The supervisory boards of the major banks Caixabank and Bankia decided on Thursday to merge, creating one of the largest banks in Spain.
The move, which comes in middle of the severe economic crisis caused by the coronavirus pandemic, will see much larger Caixabank taken over by Bankia, the newspaper El Pais reported.
The new bank will also be called Caixabank.
The merger and plans to expand online banking are likely to lead to the closure of bank branches and job losses.
Prime Minister Pedro Sanchez's left-wing government supports the merger to strengthen the banking sector.

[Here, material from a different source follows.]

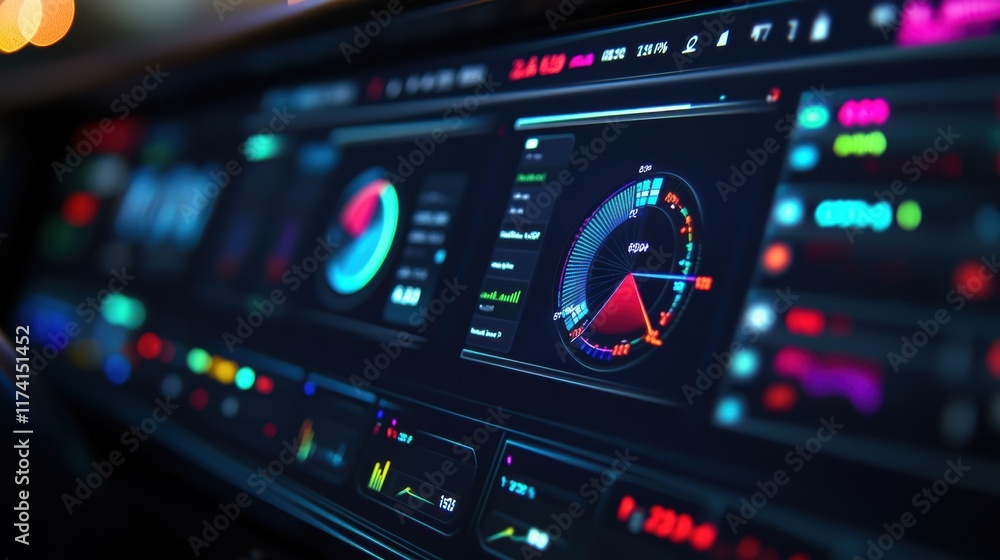Poster glowing holographic interface displaying vibrant charts and metrics, offering real time insights in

The merger has to be approved at an extraordinary general meeting of the shareholders of both banks, probably in the second half of October.
In the wake of the financial crisis of 2008, Bankia had to be saved from collapse by the state, which holds 62% of the shares, with financial aid of around 23 billion euros (27.3 billion dollars).
Largest Spanish lender
Sanchez's smaller coalition partner, Unidas Podemos, is now campaigning for the new big bank to pay back the bailout.
The merger will create the largest Spanish lender in which the state will hold around 16% of the shares.
Minister of Economic Affairs Nadia Calviño has reportedly already approved the merger in principle.
With a total domestic balance sheet total of almost 564 billion euros, the new bank would be ahead of the previous number one, BBVA.
Caixabank and Bankia currently have more than 50,000 employees, more than 6,000 branches and around 20 million customers.